BEIRUT — Thousands of Syrians rallied Thursday in Damascus in a display of loyalty to President Bashar Assad, waving flags under a slate gray sky to protest the anniversary of a rebellion that the government says is driven by terrorists, gangsters and extremists.
Outside the Syrian capital, however, tanks and snipers besieged opposition areas, including the southern city of Daraa where the uprising began a year ago, touched off by the arrest of a group of youths who scrawled anti-regime graffiti on a wall.
One year into the Syrian revolt, the fight to oust Assad is cascading toward civil war with more than 8,000 killed and no end in sight to the bloodshed. Worst-case scenarios are playing out in a country where many remain shackled by corruption, a suffocating security apparatus and a family dictatorship that rules over 22 million people.
"We know that this is a criminal regime, but we didn't expect it to reach this amount of killing," Amer Mattar, a 26-year-old activist, told The Associated Press from Jordan, where he fled to safety after being arrested twice in Syria.
Despite widening international condemnation and biting sanctions, Assad's regime has remained intact and intelligence analysts say the rebels have yet to pose a serious challenge to his powerful military.
Assad also has retained the support of many in Syria's business classes and minority communities, who worry they would lose protections under a new regime. Still others harbor an understandable fear of the unknown, given the rampant divisions within the opposition.
The threat of sectarianism is omnipresent. Assad has played on fears of sectarian strife — which were so destructive in neighboring Iraq and Lebanon — to persuade the public that protests will bring nothing but chaos.
Syria's regional allegiances to Iran and the Lebanese militant group Hezbollah have raised fears of wider violence.
Western and Arab countries have struggled to stop the bloodshed by calling on Assad to step down and imposing sanctions.

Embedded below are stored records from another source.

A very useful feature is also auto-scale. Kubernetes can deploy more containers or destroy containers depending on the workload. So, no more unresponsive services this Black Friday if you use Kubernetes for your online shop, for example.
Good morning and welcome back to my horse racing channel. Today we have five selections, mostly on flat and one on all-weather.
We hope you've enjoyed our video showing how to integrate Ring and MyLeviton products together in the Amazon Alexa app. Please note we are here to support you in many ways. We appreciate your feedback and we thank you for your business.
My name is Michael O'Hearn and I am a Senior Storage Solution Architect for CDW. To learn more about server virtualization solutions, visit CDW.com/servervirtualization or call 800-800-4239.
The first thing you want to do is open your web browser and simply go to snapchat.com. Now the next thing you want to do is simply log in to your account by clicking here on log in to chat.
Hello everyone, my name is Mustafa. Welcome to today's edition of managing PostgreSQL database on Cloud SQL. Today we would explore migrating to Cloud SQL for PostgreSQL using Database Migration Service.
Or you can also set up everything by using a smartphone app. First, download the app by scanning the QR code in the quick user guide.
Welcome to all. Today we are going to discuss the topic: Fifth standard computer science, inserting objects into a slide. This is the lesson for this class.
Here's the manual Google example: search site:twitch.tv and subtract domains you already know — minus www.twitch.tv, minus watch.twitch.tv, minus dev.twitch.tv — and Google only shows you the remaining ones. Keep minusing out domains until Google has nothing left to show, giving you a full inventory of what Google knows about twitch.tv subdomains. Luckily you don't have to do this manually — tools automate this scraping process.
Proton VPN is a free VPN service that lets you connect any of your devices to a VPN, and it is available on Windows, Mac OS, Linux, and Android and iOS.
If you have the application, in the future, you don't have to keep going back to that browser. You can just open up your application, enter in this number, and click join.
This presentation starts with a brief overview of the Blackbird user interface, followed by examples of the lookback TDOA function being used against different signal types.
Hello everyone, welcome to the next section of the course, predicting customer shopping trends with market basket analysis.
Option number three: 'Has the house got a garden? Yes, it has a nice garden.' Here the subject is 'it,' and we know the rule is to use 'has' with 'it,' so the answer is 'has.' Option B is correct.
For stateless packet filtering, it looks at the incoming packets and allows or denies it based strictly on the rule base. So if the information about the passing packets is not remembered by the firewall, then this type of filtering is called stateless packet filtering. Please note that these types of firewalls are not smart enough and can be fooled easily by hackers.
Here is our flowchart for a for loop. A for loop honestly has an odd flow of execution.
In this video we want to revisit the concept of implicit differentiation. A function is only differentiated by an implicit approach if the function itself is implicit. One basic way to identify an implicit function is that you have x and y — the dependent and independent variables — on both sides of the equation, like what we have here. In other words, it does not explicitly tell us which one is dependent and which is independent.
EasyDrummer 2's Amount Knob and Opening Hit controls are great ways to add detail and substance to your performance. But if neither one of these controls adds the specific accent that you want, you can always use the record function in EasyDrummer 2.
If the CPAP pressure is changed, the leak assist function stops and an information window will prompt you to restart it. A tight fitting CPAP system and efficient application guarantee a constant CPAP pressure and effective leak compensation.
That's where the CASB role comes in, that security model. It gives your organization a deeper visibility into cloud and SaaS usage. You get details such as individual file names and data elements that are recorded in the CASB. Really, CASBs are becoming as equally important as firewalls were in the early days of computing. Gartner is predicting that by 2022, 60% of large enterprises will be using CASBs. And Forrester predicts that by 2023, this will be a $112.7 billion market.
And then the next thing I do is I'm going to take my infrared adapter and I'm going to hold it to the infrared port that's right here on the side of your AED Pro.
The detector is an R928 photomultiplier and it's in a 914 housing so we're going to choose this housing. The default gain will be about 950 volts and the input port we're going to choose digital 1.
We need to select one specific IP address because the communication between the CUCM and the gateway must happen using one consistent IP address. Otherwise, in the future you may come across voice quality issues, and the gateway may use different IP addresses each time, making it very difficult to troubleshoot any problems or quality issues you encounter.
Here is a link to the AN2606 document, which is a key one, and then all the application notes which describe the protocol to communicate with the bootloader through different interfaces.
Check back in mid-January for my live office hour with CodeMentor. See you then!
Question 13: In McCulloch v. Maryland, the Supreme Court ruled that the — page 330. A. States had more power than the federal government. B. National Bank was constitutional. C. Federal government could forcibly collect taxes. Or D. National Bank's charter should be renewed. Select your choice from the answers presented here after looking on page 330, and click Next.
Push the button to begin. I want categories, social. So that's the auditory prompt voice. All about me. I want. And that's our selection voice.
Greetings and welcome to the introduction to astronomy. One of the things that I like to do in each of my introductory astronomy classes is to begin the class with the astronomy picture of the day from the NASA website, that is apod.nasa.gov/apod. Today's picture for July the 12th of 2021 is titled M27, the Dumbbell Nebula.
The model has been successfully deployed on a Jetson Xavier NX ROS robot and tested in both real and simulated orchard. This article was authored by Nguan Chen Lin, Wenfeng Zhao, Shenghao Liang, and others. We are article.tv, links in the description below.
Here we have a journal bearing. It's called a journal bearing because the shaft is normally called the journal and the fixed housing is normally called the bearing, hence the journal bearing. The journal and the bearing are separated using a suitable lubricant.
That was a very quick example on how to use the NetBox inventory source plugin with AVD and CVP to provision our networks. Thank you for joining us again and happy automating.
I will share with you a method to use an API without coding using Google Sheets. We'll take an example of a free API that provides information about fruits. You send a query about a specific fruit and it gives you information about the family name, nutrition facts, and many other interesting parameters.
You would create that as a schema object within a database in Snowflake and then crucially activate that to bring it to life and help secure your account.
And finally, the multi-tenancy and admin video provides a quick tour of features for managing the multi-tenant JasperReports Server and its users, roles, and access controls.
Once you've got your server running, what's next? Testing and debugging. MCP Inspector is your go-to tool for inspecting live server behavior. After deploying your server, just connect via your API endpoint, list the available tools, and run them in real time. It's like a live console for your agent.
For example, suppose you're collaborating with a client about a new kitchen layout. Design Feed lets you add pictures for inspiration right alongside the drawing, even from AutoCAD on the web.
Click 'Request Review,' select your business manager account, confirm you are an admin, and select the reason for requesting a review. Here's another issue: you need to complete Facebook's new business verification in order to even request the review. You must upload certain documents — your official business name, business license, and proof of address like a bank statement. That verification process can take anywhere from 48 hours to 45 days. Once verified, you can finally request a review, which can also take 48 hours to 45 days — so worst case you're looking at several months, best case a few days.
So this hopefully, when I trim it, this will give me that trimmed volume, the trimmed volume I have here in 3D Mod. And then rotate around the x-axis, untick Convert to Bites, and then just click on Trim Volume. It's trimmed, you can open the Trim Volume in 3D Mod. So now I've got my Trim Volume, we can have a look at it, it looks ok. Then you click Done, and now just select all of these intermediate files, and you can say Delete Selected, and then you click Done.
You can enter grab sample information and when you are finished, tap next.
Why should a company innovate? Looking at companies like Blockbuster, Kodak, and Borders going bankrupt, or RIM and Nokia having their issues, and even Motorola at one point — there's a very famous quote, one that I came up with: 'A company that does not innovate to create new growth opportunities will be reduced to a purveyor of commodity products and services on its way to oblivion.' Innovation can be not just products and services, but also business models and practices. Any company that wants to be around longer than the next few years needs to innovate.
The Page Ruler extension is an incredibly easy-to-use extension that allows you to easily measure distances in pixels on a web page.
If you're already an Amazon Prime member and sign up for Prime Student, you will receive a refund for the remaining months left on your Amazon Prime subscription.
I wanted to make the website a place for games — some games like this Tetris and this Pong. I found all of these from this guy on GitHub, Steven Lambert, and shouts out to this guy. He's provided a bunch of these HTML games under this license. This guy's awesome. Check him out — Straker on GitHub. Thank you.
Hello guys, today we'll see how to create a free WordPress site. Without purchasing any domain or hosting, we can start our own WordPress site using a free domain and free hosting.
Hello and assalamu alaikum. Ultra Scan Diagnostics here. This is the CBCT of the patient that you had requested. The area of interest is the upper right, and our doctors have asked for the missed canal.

But Russia and China have protected Syria from censure by the U.N. Security Council. Many in the opposition say only military aid can stop the killing and bring Assad down, but no countries are openly arming the opposition.
The most potent armed force opposing Assad is the rebel Free Syrian Army, made up largely of army defectors. But the force remains highly decentralized, with its leaders living in neighboring countries, and it cannot create a zone akin to the eastern Libyan city of Benghazi that was the center of the successful uprising against Moammar Gadhafi last year.
U.N. Secretary-General Ban Ki-moon used Thursday's anniversary to report that more than 8,000 people have died in the past 12 months because of what his spokesman called the Syrian government's decision "to choose violent repression over peaceful political dialogue."
U.N. humanitarian chief Valerie Amos said a Syrian government-led mission will visit Homs, Hama, Daraa and other cities at the center of the uprising this weekend, accompanied by U.N. and Organization of Islamic Cooperation staff who will assess humanitarian needs.
Thursday's pro-regime rallies were orchestrated by the government to overshadow opposition plans to mark the anniversary. Syria postponed the observance of Arab Teacher Day — a holiday — for one week, apparently to make it easier to bus in state employees and students to the rallies.
Still, the attendance was significant and a reminder that while the opposition movement has attracted an extraordinary backing, Assad still enjoys support.